Ficam aqui umas fotos da trovoada de ontem á tarde na zona a ENE de Messines (a célula de Almodovar).

Ao final da tarde as torres eram bem visíveis daqui de Lagoa e depois, já ao inicio da noite, ainda consegui observar alguns relâmpagos a partir de Silves. Não deu para me deslocar para mais perto, mas foi o que se arranjou.

Podem ver todas as fotos na página da ExtremAtmosfera ou aqui
Ficam aqui algumas das captadas:


----------



## Duarte Sousa (30 Set 2015 às 12:27)

Há gajos com sorte pah! 

Bons raios e belas torres!


----------



## ecobcg (30 Set 2015 às 19:32)

Duarte Sousa disse:


> Há gajos com sorte pah!
> 
> Bons raios e belas torres!



Eheh. obrigado!


----------



## Teles (30 Set 2015 às 21:59)

Excelente!


----------



## actioman (30 Set 2015 às 22:20)

Belissimo trabalho ecobcg! 

Obrigado pela partilha!


----------



## ecobcg (30 Set 2015 às 23:05)

Obrigado pessoal!


----------



## StormRic (1 Out 2015 às 07:05)

Fotos sumptuosas! Os panoramas estão magníficos!

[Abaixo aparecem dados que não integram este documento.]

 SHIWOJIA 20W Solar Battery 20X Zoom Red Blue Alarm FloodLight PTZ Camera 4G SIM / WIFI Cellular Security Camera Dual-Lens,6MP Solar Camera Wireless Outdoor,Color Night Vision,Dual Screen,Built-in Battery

A grande célula de Almodôvar, realmente um espanto estes registos!


----------



## ecobcg (3 Out 2015 às 00:21)

StormRic disse:


> Fotos sumptuosas! Os panoramas estão magníficos!
> 
> A grande célula de Almodôvar, realmente um espanto estes registos!


Obrigado StormRic !


----------